Ivy Compton-Burnett, pronounced Cumpton-Burnitt, was a contemporary of Virginia Woolf, one of twelve children to a homeopath by two different wives. None of the twelve children had issue. As if each generation were a set of library books kept within family walls.
Ivy Compton-Burnett's novels are almost entirely dialogue. Such as you might get in a large family, divided down the middle by two senior wives in the early years of the twentieth century. The youngest, in The Mighty and their Fall, are about twelve, plus a girl aged 14, then a pair of older siblings aged about twenty, their father, Ninian, his mother Selina, daughter Lavinia, a nebulous Uncle Hugo, absent Uncle Ransom, plus Cook, and Ainger. This was the era of servants, and doors at which to listen to the flow of dialogue. This was the era of names like Hengist and Egbert. And Lavinia. Ninian. Selina, his mother.

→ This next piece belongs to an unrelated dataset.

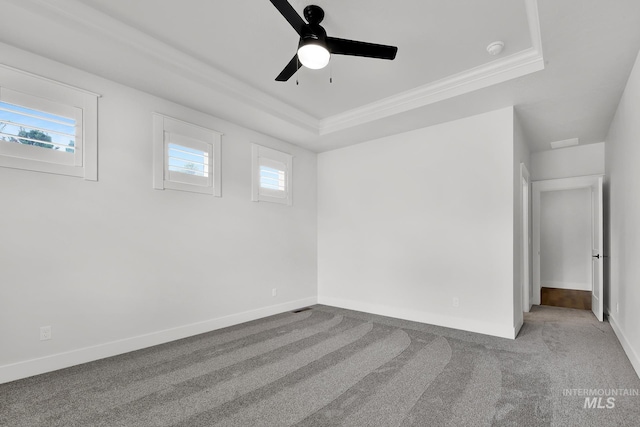 1440 E Azan St, Meridian, ID 83646 - interior space with a raised ceiling, a healthy amount of sunlight, a ceiling fan, and carpet floors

Did Ivy C-B contribute to the dialogue in her own family, or are her novels projections of the way large families might work if people talked directly out of their inner lives? The truth coming out in dribs and drabs and almost immediately degrading nearly everyone in the house. Are these the conversations, the turns of reflection that Ivy knew from experience or is she filling in silences? She claims her life was uninteresting. So she writes to set it humming. She brings out in unlikely but compelling dialogue the process of a family. This is fiction, but wouldn't you like to have been in on the conversation?

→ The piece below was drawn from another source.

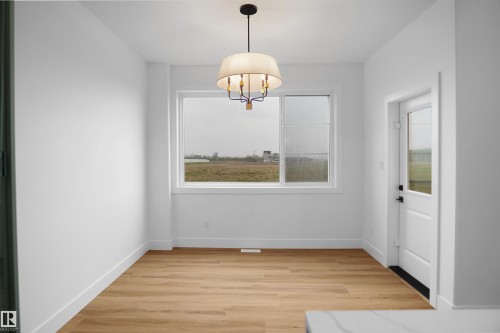 Room featuring wood-finish flooring, white baseboards, and a contemporary chandelier - 142 Edgewater Circle, Leduc, AB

"Well, that is her offer," said Selina." So you may have what is left."
"It has its own quality," said Lavinia. "She has little to give, and so offered little. She does not evade the truth."
"It seems a shadow of a letter, Father. It somehow has no substance."
"It means what it does, as you have said."
Everyone talks the same way in her books, age four or fourteen or fifty or eighty, the way people talk when you imagine them, when you project them into your own experience, out of your age-old reality into something with multiple manoeuvres and a last page.